La présidente de la Cour pénale internationale a rompu le silence vendredi, quatre jours après avoir été frappée par des sanctions américaines. Tomoko Akane a affirmé sur X, via son éditeur Bungei Shunju, qu’il fallait éviter que cet épisode marque « le début de la disparition de l’État de droit international ».
Une magistrate qui dit ne pas avoir été surprise
La juge japonaise a précisé que la mesure la visant « était en partie anticipée », ajoutant ne pas en être surprise. Le département du Trésor américain avait ajouté son nom, ainsi que celui du juriste sénégalais Abdoulaye Seye, à la liste des personnes sanctionnées le 18 août. Les deux magistrats ne peuvent désormais plus entrer aux États-Unis ; leurs avoirs et opérations bancaires américains sont gelés.
Le secrétaire d’État Marco Rubio justifie ces mesures par l’implication directe des deux responsables dans des enquêtes visant des dirigeants dont les gouvernements ne reconnaissent pas la compétence de la Cour, une allusion aux poursuites engagées contre le Premier ministre israélien Benjamin Netanyahu. Sur les 18 juges que compte la CPI, huit faisaient déjà l’objet de sanctions américaines avant l’ajout d’Akane à la liste.
Le gouvernement japonais accusé de manquer de fermeté
Élue à la présidence de la Cour en mars 2024, Akane est la première ressortissante japonaise à occuper ce poste. Sa nomination sous sanctions place le Japon dans une position inédite : jamais un national japonais dirigeant une institution judiciaire internationale n’avait fait l’objet de sanctions financières d’un pays tiers.
Le Premier ministre Sanae Takaichi a qualifié la décision américaine de « très regrettable » le 19 août. Le ministère japonais des Affaires étrangères a tenu des propos similaires dans un communiqué officiel. Ces réactions sont jugées insuffisantes par une partie de la presse et des observateurs nippons, qui reprochent à Tokyo son absence de soutien diplomatique concret face à des mesures visant l’une de ses ressortissantes.
Le Japon n’avait pas signé, en février 2025, une déclaration commune de 79 États membres de la CPI condamnant le décret présidentiel américain instaurant ces sanctions.

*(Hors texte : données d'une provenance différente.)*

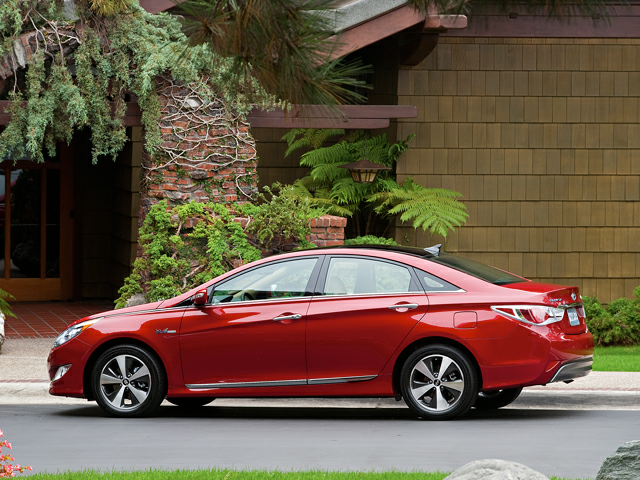 2013 Hyundai SONATA Hybrid
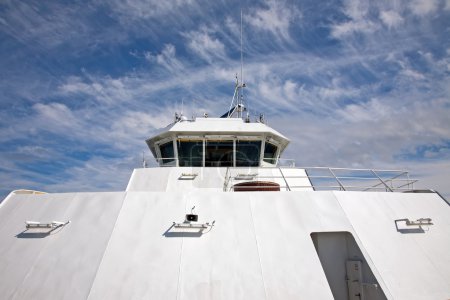Vue de face du pont du capitaine 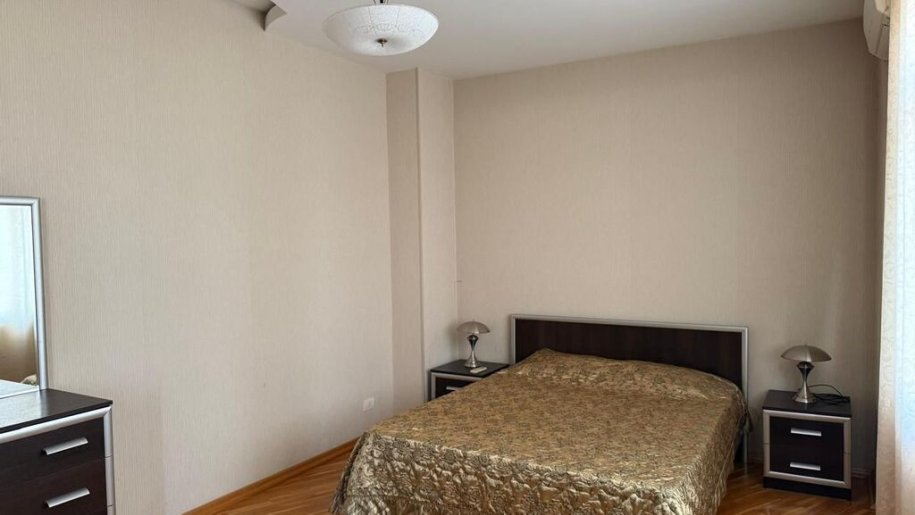 Kirayə verilir 3 otaqlı yeni tikili, 160 m², 28 May m.-7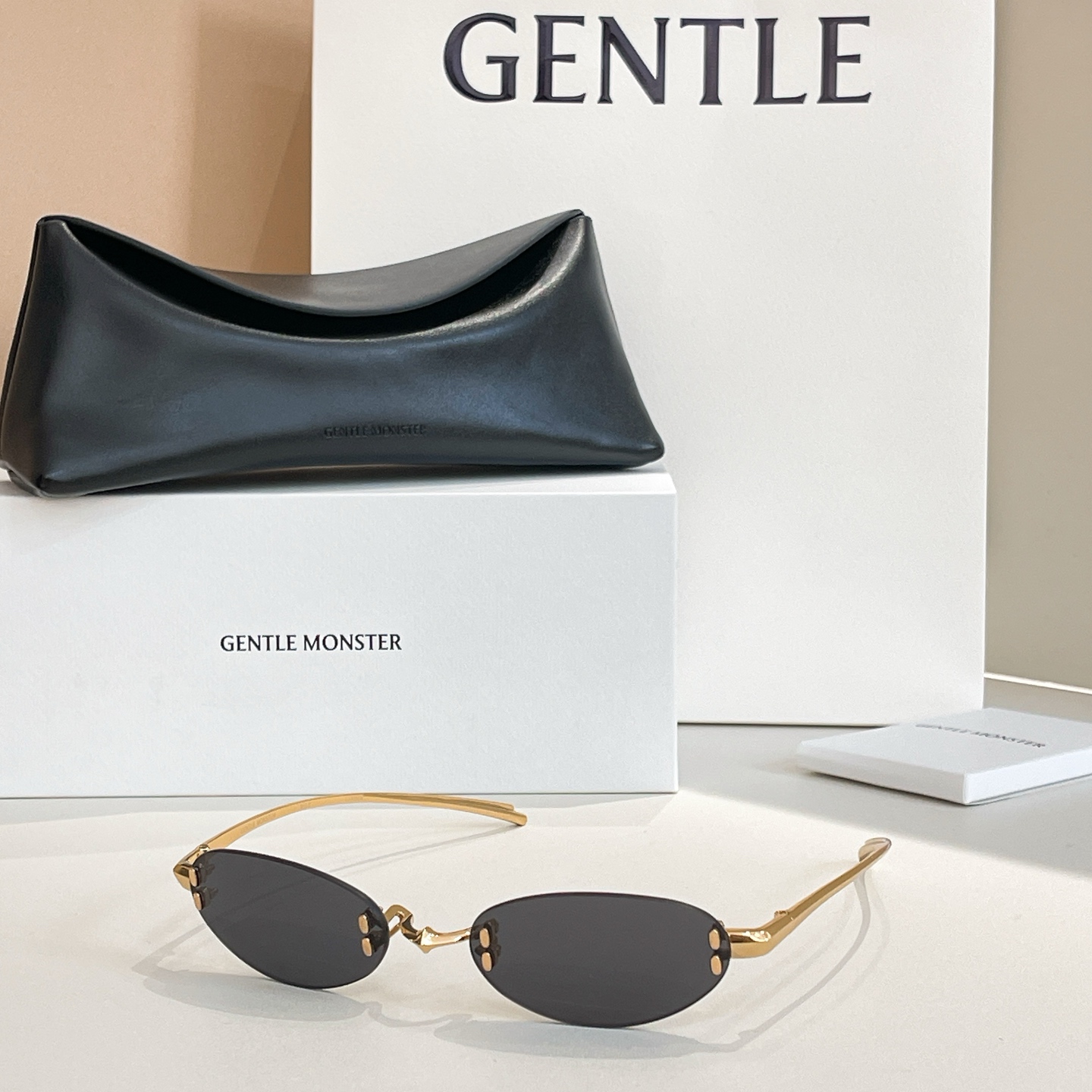 GENTLE MONSTE*🐼🐼🐼MODEL：FURI 🐼🐼🐼SIZE：57口19-135🐼🐼🐼钛～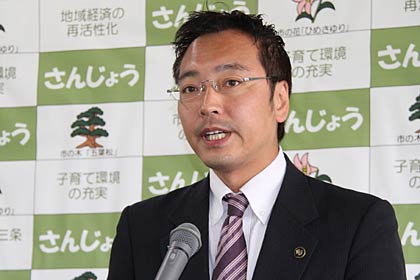 定例記者会見を行う国定三条市長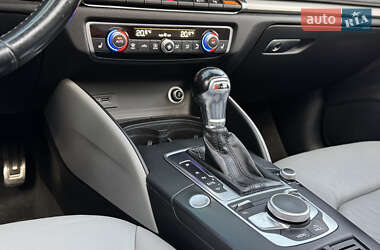 Седан Audi A3 2016 в 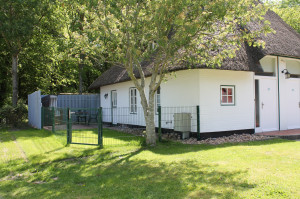 Bild: Reetdach-Haushälfte LUV - Haubarg Sattlerhof Pension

Cette abstention avait déjà suscité des critiques, interprétées comme une volonté de ménager Washington.
Une pression américaine croissante sur la Cour
Rubio a évoqué la possibilité de démanteler entièrement la Cour si nécessaire, après avoir annoncé le mois dernier vouloir inciter d’autres États membres à s’en retirer. La CPI a de son côté dénoncé une atteinte à l’ordre juridique international, estimant que faire pression sur des acteurs judiciaires pour les empêcher d’appliquer la loi met en danger le système lui-même.
Human Rights Watch a appelé le gouvernement japonais à condamner plus fermement ces sanctions et à défendre, aux côtés des autres États parties, la mission de la Cour. Fondée en 2002, la CPI juge les responsables de génocide, crimes de guerre et crimes contre l’humanité ; ni les États-Unis, ni Israël, ni la Russie n’en sont membres.